South Dakota Governor Kristi Noem, who is spearheading the ad campaign, believes that her effort is at the very least constructive.
“South Dakota’s anti-meth campaign launch is sparking conversations around the state and the country. The mission of the campaign is to raise awareness – to get people talking about how they can be part of the solution and not just the problem. It is working,” Noem said in a statement to Yahoo Finance. “Through this campaign, we hope to emphasize that this is an issue that affects all of us… This isn’t just someone else’s problem. It’s OUR problem.”
Pure, potent, and problematic
According to Stamm’s office, out of all illicit drugs on the streets — opioids, cocaine, and so on — methamphetamine poses the greatest threat because of how easily available it is and how potent it’s becoming.
The volume of meth that’s being pumped through the southern border by Mexican cartels has increased exponentially, seizure stats from the U.S. Customs and Border Protection suggest, while the purity of the product has been drastically improved as well — in some cases, going up to 98%.
“We are dealing with a very, very complex public health and national security crisis that we've never seen in this country, in regards to the drug trafficking and the types of drugs that are getting into the communities of America,” Derek Maltz, former head of the DEA’s Special Operations Division, told Yahoo Finance. “Methamphetamine is exploding all over America, not just South Dakota. Methamphetamine is being produced in the ton quantities in very large-scale laboratories by the Mexican cartels.”
Scott Stewart, vice president of Tactical Analysis for Stratfor, noted that there are “many more people pushing it than ever before. So there's a lot more competition… And so they're really kind of flooding the market with meth. So it's strong and it's pure. And there's a lot of it.”
The cartels are also constantly seeking out new markets, as far away as Australia, he added.
In America’s heartland, the most prevalent organizations that are engaged in drug trafficking are the Sinaloa cartel and the Jalisco New Generation Cartel, according to Stamm, and a gram of meth can cost between $25 and $200.
‘Drugs don't just find themselves here in South Dakota’

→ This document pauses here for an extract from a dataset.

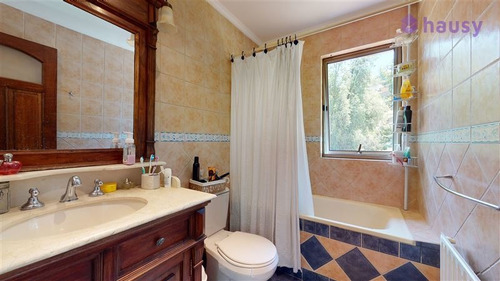 Casa En Venta De 4 Dorm. En Vitacura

Meth also brings a level of violence involving production and trafficking, which is also a serious concern, Stamm added. Law enforcement officials across the U.S. believe that meth is the most associated with violent crime. From his experience, Stamm, who is also a former Special Agent with the Drug Enforcement Agency (DEA), noted a correlation between higher levels of drug trafficking and an increase in crime — from property crime to violent crime to even increasing gang activity.
“Drugs don't just find themselves here in South Dakota,” Stamm stressed. “They are trafficked here, especially by violent and predatory Mexican drug cartels that control meth trafficking across the USA today.”
The statement from South Dakota Governor Noem added: “I am confident South Dakota can lead the country in this effort and demonstrate ways we can aggressively combat addiction and spark opportunities for recovery.”
Drug seizures escalate
And despite the rocky ad campaign, the underlying message that the state was trying to get out was one of genuine concern.
“I think it is a little goofy. Don't get me wrong,” Maltz said about the ad. But “I praise the governor for the bold leadership… this particular initiative was based on a very serious, dire situation where all these young kids are getting addicted to meth. So the governor took a very aggressive, very innovative, bold way of raising awareness in not only the State of South Dakota, but the entire country.”
Addressing the fact that the government spent nearly $450,000 on the campaign, he added: “It seems like a hell of a lot of money to charge a very small state. But if you're going to save one life, it's worth investing the money because right now, we have this overwhelming crisis that’s just not getting dealt with properly.”
According to the South Dakota governor, the meth problem has grown tenfold: In 2011, 4,300 grams of meth were seized from 402 arrests. In 2018, they seized nearly 40,000 grams from more than 3,300 arrests.